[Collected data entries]

=== Begin Enclosure ===

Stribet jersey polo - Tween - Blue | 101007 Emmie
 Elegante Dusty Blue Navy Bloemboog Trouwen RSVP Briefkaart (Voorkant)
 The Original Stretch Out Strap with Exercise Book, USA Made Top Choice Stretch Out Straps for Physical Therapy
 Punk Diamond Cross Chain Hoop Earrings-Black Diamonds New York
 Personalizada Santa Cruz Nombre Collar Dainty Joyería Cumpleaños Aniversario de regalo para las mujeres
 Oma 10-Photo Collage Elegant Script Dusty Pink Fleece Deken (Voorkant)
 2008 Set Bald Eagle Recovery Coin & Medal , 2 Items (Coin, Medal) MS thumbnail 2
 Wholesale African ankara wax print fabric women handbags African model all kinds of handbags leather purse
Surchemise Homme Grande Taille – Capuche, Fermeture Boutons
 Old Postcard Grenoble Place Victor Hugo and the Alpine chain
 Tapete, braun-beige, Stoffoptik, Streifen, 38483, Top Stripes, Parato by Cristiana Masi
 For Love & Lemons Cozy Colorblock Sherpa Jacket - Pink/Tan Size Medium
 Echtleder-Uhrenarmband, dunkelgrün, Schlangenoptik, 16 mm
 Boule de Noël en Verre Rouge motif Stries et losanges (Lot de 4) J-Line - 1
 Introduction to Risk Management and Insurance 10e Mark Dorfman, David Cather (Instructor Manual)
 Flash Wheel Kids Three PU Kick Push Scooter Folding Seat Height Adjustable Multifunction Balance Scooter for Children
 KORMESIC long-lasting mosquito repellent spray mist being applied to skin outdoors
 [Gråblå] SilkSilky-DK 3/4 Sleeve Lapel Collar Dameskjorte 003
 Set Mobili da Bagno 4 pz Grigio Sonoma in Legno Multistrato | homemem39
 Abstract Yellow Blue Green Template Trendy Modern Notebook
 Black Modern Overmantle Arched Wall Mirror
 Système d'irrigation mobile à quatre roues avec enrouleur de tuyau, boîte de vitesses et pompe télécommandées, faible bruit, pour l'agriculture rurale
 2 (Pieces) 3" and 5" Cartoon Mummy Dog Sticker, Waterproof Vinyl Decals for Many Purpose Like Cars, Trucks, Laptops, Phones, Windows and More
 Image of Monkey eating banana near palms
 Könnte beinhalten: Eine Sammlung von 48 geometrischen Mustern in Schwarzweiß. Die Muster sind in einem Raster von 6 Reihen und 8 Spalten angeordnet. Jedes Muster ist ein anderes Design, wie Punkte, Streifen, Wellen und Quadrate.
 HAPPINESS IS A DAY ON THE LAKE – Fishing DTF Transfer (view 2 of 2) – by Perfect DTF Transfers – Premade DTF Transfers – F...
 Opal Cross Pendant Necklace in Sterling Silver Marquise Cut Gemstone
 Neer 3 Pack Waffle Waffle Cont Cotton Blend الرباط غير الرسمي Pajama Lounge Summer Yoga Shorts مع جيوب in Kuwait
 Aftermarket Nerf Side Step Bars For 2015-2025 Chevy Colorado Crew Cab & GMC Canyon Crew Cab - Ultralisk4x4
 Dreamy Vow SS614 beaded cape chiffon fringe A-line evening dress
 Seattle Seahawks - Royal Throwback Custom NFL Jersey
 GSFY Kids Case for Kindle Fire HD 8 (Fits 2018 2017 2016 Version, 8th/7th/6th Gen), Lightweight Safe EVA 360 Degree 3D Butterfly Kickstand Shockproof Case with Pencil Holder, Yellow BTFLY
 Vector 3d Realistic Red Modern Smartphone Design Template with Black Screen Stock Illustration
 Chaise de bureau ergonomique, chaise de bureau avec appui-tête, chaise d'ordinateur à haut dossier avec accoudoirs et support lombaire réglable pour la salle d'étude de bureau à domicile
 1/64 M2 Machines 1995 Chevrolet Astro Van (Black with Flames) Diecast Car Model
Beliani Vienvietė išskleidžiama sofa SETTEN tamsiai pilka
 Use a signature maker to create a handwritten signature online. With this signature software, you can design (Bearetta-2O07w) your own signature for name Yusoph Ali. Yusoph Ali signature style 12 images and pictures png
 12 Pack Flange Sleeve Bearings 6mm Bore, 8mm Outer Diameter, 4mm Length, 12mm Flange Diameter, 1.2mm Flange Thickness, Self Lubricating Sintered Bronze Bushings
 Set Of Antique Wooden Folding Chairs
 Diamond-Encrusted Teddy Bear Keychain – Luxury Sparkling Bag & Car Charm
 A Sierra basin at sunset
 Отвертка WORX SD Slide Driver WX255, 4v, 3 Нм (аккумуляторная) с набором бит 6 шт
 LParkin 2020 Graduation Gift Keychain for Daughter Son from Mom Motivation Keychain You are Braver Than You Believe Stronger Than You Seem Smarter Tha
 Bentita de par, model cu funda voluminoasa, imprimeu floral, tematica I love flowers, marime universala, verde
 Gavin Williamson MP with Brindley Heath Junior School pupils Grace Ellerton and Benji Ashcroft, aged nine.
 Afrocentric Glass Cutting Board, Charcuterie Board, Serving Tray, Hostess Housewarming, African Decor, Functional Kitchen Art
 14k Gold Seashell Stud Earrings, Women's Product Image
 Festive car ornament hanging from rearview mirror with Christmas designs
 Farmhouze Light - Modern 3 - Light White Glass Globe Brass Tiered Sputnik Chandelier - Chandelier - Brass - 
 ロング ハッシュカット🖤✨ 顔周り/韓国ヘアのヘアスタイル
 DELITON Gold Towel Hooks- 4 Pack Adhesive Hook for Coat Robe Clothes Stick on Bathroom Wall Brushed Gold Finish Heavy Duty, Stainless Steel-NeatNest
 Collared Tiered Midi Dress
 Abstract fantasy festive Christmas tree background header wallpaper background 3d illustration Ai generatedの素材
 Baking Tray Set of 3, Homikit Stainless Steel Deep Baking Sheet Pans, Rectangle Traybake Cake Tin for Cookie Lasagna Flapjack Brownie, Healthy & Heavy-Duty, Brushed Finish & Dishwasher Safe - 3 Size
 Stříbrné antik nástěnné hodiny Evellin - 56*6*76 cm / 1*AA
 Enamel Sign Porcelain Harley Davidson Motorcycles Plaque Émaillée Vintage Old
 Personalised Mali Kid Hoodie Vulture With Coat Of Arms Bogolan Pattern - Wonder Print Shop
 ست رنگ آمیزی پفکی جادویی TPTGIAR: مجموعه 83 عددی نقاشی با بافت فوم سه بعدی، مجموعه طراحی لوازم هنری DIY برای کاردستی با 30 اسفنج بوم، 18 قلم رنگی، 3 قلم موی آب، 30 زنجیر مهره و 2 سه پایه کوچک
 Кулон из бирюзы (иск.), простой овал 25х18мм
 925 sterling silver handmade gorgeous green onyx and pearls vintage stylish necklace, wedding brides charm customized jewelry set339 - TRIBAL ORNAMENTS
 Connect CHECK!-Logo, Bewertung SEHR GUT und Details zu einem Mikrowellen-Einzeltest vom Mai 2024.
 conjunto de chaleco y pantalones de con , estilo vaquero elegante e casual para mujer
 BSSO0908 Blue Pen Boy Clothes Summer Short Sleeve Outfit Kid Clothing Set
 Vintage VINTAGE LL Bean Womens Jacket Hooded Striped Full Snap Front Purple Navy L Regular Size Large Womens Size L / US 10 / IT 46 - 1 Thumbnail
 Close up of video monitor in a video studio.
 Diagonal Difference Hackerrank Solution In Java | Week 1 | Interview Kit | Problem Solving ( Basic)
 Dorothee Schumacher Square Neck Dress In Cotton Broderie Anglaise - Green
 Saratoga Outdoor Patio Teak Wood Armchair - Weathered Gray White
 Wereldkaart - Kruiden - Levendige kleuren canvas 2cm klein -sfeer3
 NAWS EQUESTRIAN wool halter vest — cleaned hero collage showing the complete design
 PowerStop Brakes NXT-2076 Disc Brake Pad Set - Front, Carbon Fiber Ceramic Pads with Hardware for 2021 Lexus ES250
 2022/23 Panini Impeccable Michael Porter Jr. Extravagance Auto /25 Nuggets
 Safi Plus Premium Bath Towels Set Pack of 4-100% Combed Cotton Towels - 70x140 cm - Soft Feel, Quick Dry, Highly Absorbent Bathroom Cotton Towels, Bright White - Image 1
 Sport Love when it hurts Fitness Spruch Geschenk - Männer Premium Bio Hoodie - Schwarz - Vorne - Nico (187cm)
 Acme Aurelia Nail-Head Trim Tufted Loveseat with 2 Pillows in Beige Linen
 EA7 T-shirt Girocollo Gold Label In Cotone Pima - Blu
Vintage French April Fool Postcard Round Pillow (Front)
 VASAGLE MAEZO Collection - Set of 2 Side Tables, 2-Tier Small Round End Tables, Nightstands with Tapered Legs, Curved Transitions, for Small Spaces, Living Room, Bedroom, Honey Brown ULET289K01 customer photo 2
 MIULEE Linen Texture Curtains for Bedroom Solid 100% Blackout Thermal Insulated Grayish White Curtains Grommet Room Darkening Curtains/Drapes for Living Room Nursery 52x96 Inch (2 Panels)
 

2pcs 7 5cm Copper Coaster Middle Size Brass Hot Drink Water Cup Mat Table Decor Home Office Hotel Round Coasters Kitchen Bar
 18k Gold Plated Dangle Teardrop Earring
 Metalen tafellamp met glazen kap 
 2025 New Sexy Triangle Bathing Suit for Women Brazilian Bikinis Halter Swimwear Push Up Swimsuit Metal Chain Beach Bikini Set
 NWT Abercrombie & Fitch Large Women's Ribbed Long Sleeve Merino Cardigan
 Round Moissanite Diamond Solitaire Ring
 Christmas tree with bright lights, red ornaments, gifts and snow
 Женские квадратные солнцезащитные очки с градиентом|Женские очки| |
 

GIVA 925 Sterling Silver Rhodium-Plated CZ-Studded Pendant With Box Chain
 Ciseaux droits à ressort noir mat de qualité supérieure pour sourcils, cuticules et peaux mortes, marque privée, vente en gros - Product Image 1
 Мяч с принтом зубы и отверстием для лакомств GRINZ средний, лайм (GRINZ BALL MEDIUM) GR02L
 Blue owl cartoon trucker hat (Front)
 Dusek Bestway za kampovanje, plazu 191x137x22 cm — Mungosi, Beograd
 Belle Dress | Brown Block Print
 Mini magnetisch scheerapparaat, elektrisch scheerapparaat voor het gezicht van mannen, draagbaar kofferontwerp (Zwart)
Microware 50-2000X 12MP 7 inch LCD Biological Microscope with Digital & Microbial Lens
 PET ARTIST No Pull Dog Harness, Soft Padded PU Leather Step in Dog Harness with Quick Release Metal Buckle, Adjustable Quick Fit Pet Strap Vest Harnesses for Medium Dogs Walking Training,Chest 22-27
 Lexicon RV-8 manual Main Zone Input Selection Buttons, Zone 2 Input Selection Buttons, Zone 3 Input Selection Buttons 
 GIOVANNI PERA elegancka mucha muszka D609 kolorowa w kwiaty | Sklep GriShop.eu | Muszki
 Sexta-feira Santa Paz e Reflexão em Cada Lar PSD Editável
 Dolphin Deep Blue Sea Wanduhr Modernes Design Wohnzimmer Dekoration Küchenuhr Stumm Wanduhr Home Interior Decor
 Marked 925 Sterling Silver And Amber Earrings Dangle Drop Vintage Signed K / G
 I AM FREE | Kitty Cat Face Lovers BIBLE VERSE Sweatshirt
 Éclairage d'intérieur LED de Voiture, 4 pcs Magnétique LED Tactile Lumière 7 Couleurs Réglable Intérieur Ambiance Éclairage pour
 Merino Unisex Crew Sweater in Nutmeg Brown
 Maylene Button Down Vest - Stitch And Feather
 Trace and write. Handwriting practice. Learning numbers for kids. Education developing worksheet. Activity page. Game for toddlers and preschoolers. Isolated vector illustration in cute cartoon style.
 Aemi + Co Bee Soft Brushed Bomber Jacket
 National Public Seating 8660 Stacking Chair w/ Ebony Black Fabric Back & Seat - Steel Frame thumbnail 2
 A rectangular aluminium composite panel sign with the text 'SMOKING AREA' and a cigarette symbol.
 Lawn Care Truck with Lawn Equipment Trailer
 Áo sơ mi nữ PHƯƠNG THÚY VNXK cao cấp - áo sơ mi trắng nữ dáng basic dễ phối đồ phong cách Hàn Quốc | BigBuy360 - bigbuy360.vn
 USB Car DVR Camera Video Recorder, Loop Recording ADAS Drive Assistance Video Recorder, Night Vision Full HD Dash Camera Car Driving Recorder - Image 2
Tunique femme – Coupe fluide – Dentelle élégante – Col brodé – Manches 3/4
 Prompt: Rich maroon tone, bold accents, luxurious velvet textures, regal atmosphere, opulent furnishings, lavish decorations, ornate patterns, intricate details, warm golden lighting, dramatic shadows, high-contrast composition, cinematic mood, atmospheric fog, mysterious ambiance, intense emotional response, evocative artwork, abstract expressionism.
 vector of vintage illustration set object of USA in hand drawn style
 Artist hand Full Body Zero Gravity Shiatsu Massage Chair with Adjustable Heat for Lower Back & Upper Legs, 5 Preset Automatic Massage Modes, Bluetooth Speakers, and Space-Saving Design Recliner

=== End Enclosure ===

> _Your objective_: Beginning at the opening line of the data, transcribe each line exactly until you reach the line with "For Love & Lemons", which you also include, and go no further.

> _Finished exercise_:
Stribet jersey polo - Tween - Blue | 101007 Emmie
 Elegante Dusty Blue Navy Bloemboog Trouwen RSVP Briefkaart (Voorkant)
 The Original Stretch Out Strap with Exercise Book, USA Made Top Choice Stretch Out Straps for Physical Therapy
 Punk Diamond Cross Chain Hoop Earrings-Black Diamonds New York
 Personalizada Santa Cruz Nombre Collar Dainty Joyería Cumpleaños Aniversario de regalo para las mujeres
 Oma 10-Photo Collage Elegant Script Dusty Pink Fleece Deken (Voorkant)
 2008 Set Bald Eagle Recovery Coin & Medal , 2 Items (Coin, Medal) MS thumbnail 2
 Wholesale African ankara wax print fabric women handbags African model all kinds of handbags leather purse
Surchemise Homme Grande Taille – Capuche, Fermeture Boutons
 Old Postcard Grenoble Place Victor Hugo and the Alpine chain
 Tapete, braun-beige, Stoffoptik, Streifen, 38483, Top Stripes, Parato by Cristiana Masi
 For Love & Lemons Cozy Colorblock Sherpa Jacket - Pink/Tan Size Medium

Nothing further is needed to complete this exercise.